Jan. 6 committee adviser on public hearings: People will be ‘absolutely surprised’
Former GOP Rep. Denver Riggleman (Va.), a former adviser to the House select committee investigating the Jan. 6, 2021, attack on the U.S. Capitol, said the panel’s upcoming public hearings will be “exciting” for people to see.
The panel announced last week it would hold the first of a series of public hearings during a prime-time slot at 8 p.m. on Thursday, the conclusion of the committee’s work after conducting hundreds of interviews in a yearlong investigation.
The committee has not said what witnesses will appear at the public hearings, but Riggleman told CNN “State of the Union” co-anchor Jake Tapper that the hearings will be “very concise” and will bring all the components of the investigation together.
“I think people are going to be absolutely surprised how much was known with multiple groups,” Riggleman said.
“And I think that’s what’s going to be exciting to see the committee — there’s some very intelligent, very talented investigators behind the doors,” he continued.
Riggleman indicated that the committee will hold six public hearings.
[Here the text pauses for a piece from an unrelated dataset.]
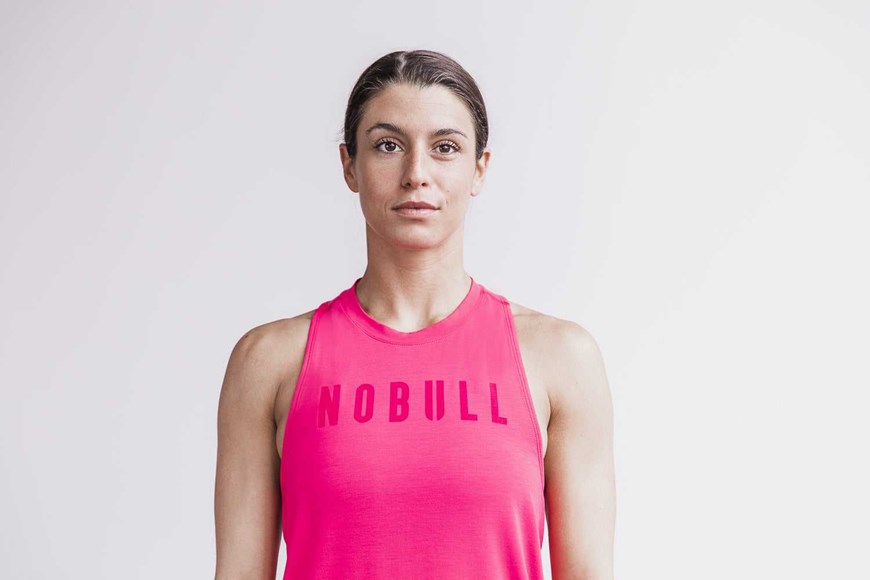 Nobull High-Neck Nobull Tank (Bright Colors) Tanks & Tees Magenta | 6584-OYUHX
The hearings are expected to include a combination of prime-time and day-time slots, although the complete schedule has yet to be announced.
The prime-time slot indicates the committee is eager to make a case to a broad audience, but polling has also found that many right-leaning respondents believe it’s time to “move on” from reviewing the attack.
A number of Republican lawmakers view the committee as illegitimate after Speaker Nancy Pelosi (D-Calif.) rejected some GOP picks for the committee last year. Reps. Liz Cheney (Wyo.) and Adam Kinzinger (Ill.) serve as the panel’s sole Republican members.
“The American people have to look at this from the beginning, take their notes and understand that the committee has to build the case in a very solid, facts-based way,” Riggleman said on Sunday. “There’s not going to be a lot of partisan whining or screaming.”
The committee has conducted more than 1,000 interviews, reportedly including discussions with senior aides to former Vice President Mike Pence and White House officials.
“It’s pretty apparent that at some points, President Trump knew what was going on,” Riggleman said on Sunday.
This story was updated at 12:46 p.m. on June 6 to reflect that Riggleman is no longer acting as an adviser to the Jan. 6 panel.